◆ **THE RECORDS**
****

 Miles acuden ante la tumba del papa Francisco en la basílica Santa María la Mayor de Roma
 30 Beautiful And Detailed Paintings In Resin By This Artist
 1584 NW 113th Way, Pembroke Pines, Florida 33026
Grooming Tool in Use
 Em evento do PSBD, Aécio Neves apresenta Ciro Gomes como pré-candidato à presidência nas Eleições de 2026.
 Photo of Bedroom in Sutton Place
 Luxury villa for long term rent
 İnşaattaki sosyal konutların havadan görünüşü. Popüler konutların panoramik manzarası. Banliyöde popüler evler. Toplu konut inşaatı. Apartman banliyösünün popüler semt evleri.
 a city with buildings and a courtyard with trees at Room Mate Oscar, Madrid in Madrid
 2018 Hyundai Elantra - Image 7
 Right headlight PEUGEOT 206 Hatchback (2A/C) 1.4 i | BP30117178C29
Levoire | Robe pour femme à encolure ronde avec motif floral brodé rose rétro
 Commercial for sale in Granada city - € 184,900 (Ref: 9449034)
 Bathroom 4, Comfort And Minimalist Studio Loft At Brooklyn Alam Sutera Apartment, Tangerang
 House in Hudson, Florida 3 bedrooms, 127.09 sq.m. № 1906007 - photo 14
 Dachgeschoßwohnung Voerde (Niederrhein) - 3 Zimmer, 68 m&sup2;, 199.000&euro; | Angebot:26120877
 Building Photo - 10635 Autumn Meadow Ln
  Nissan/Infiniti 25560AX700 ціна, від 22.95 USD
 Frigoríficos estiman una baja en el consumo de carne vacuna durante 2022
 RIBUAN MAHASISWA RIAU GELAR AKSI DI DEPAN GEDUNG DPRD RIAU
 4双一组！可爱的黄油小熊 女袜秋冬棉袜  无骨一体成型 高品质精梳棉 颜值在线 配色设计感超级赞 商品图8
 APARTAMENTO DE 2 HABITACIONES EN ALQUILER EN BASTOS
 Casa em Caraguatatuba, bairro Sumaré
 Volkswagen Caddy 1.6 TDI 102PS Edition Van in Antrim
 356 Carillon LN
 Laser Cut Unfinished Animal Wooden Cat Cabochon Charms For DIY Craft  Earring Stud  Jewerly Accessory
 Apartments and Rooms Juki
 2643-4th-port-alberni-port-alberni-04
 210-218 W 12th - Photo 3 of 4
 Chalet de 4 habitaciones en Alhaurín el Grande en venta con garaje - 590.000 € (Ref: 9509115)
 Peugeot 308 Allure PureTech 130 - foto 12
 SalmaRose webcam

****

◆ **TO DO**
Copy, exactly and only, the lines above that begin with the one containing "a city with" and finish with the one containing "Levoire | Robe".

◆ **ANSWER TO THE PROBLEM**
 a city with buildings and a courtyard with trees at Room Mate Oscar, Madrid in Madrid
 2018 Hyundai Elantra - Image 7
 Right headlight PEUGEOT 206 Hatchback (2A/C) 1.4 i | BP30117178C29
Levoire | Robe pour femme à encolure ronde avec motif floral brodé rose rétro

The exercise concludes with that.